Zheng et al. 10.1073/pnas.0701599104. |
Fig. 7. Overexpression of foxo produces arrhythmic behavior. An EP element insertion in the promoter region of foxo did not affect rhythms (12 of 15 flies were rhythmic), but when it drove expression of foxo under the control of a tim-Gal4 (TG) driver, flies became arrhythmic (all 22 flies tested displayed arrhythmic behavior). In situ hybridization and RNase protection assay confirmed that foxo was overexpressed under these conditions and that expression of clock proteins was reduced in lateral neurons (data not shown). Because foxo mutants do not have a circadian behavioral phenotype under normal conditions, we suspect that the arrhythmicity is caused by repressor activity of ectopically overexpressed FOXO.

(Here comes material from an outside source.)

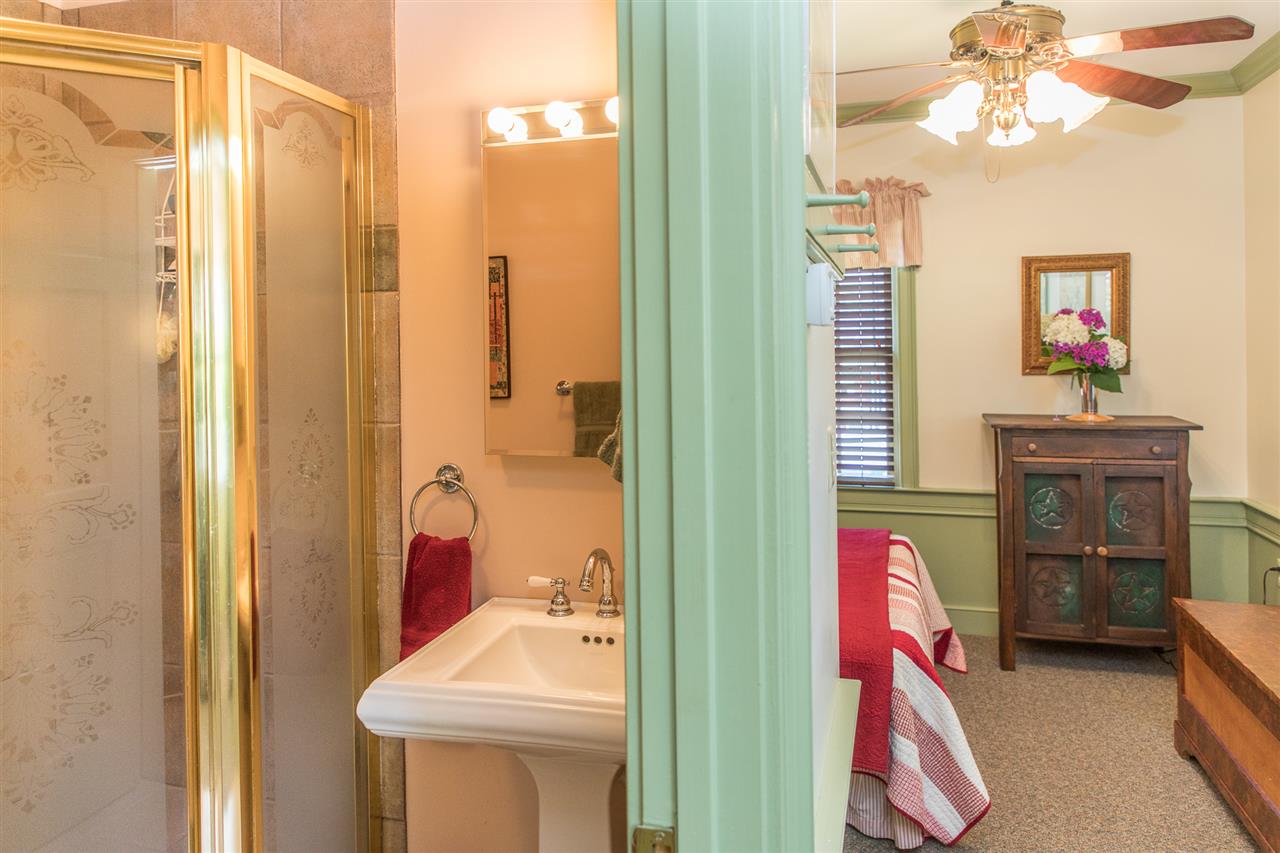3938 Spring Hill Road Staunton, VA 24401 - Photo 44 of 50 a bathroom with a sink tub and a mirror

Fig. 8. Paraquat (PQ) treatment does not affect the phototaxis behavior of foxo mutants. Three- to 5-day-old male flies were treated with 1 mM PQ for 3 days and subsequently tested for phototaxis behavior in a dark room using a simplified countercurrent apparatus. Flies that moved to the lit end of the tube within 1 min were isolated from cycle 1 and tested again in cycle 2 [Benzer S (1967) Proc Natl Acad Sci USA 58:1112-1119]. The percentages of flies that moved toward light, averaged from two experiments, are shown. Total number of flies: WT, no PQ = 159; with PQ = 141; foxo-/-, no PQ = 141; with PQ = 94).
Fig. 9. PQ treatment dramatically alters excitation properties of roGFP. Drosophila S2 cells were transfected with 500 ng of pAct-roGFP (pCMV-roGFP was kindly provided by Toshinori Hoshi, and roGFP was subcloned into the pAC5.1 vector) in a six-well plate using cellfectin (Invitrogen). Twelve hours after transfection, cells were treated with 300 mM PQ for 48-72 h. Confocal imaging of roGFP was performed by using an Olympus FluoView (FV1000, ver.1.3c) with the following settings: excitation wavelength 405 nm and 488 nm, a 405/488 dichroic mirror, and an emission filter 521BF29. Under normal conditions, roGFP emits a strong signal when excited with a wavelength of 488 nm and a low signal when excited at 405 nm; in an oxidized environment the emission from 488 nm excitation is reduced and from 405 nm is increased. This shift was observed in the 48-h PQ-treated cells (similar results were obtained from 72-h PQ treatment), indicating that the cellular environment was shifted toward a more oxidized state [Dooley CT, Dore TM, Hanson GT, Jackson WC, Remington SJ, Tsien RY (2004) J Biol Chem 279:22284-22293].
Fig. 10. FOXO is not detectable in the central clock cells. (A) FOXO is not detected in the small ventral lateral neurons even after treatment with PQ. Flies were treated with 1 mM PQ for 24 h, and brains were dissected at ZT 1. PER, green; FOXO, red. (B) foxo-Gal4 drives UAS-GFP expression in the fat body but not in the central clock cells.
Fig. 11. Expression pattern of FOXO in the rescue lines. FOXO expression driven by DJ634 is not detectable in lateral neurons. In contrast, FOXO is expressed in the lateral neurons when it is driven by Pdf-Gal4. (Left) Whole brain. (Right) LNvs.
Fig. 12. Induction of INR expression in the adult fat body tissue increases sensitivity to PQ. Behavioral rhythms were monitored in locomotor tubes containing 0.5 mM RU486 and 1 mM PQ. Induction of INR expression in the adult fat body, using the S106 driver, increased sensitivity of behavioral rhythms to PQ. Treatment of 0.5 mM RU486 or 1 mM PQ alone had no effect (data not shown).
Fig. 13. als mRNA levels are increased in foxo mutants. Absolute readings from quantitative PCR experiments were normalized to levels of actin. Three different allelic combinations of foxo mutants and their respective controls are shown. Pairwise comparisons are as follows: CS, foxo-/Df; y w, foxo21/25; CTL, foxo25.